SUPPLIED RECORDS:
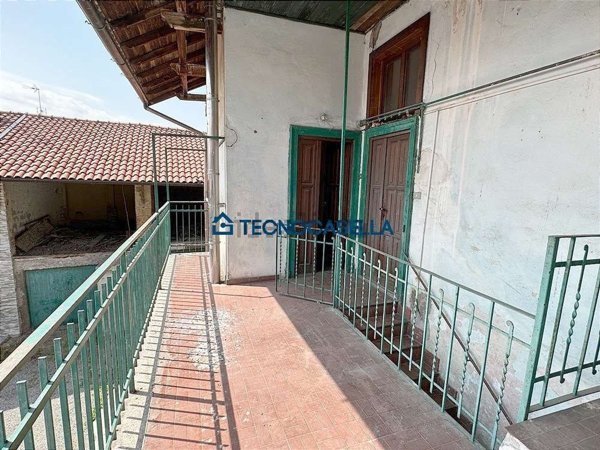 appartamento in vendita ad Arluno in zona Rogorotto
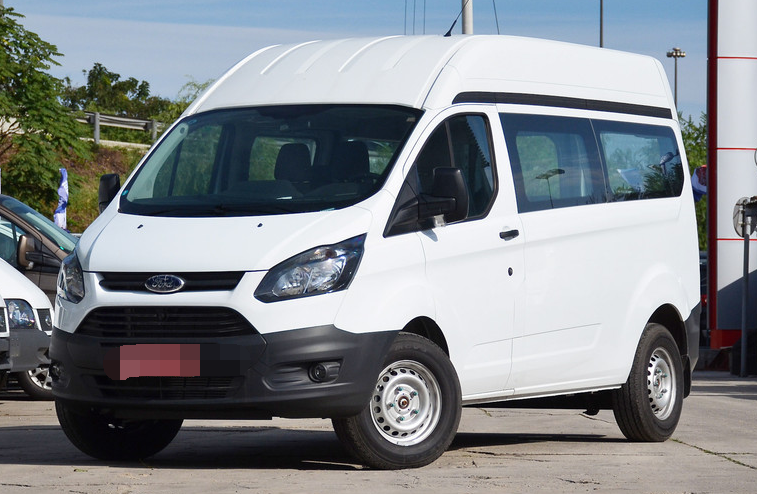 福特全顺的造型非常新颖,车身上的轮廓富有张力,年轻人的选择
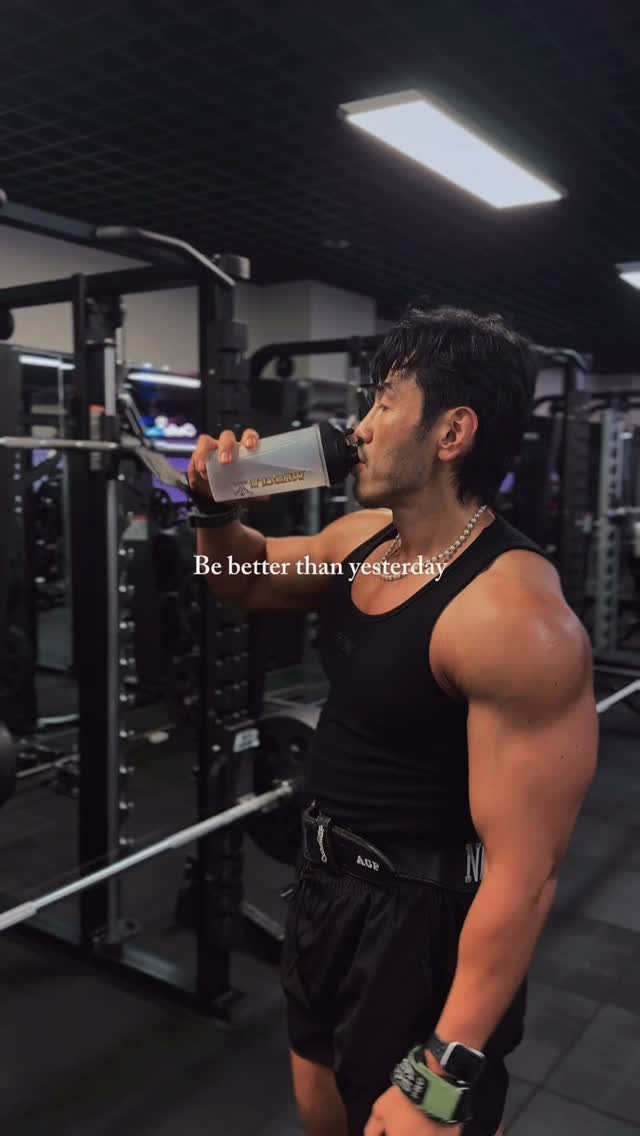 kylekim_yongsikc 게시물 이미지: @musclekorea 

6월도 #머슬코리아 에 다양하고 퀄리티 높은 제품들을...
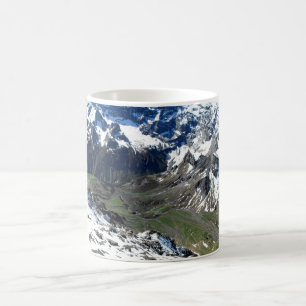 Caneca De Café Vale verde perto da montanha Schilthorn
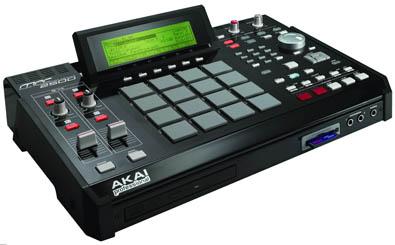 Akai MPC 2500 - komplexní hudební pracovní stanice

TRY IT: Could you repeat all of the data exactly, minus the pictures?

OUTPUT FOR THIS EXERCISE:
 appartamento in vendita ad Arluno in zona Rogorotto
 福特全顺的造型非常新颖,车身上的轮廓富有张力,年轻人的选择
 kylekim_yongsikc 게시물 이미지: @musclekorea 

6월도 #머슬코리아 에 다양하고 퀄리티 높은 제품들을...
 Caneca De Café Vale verde perto da montanha Schilthorn
 Akai MPC 2500 - komplexní hudební pracovní stanice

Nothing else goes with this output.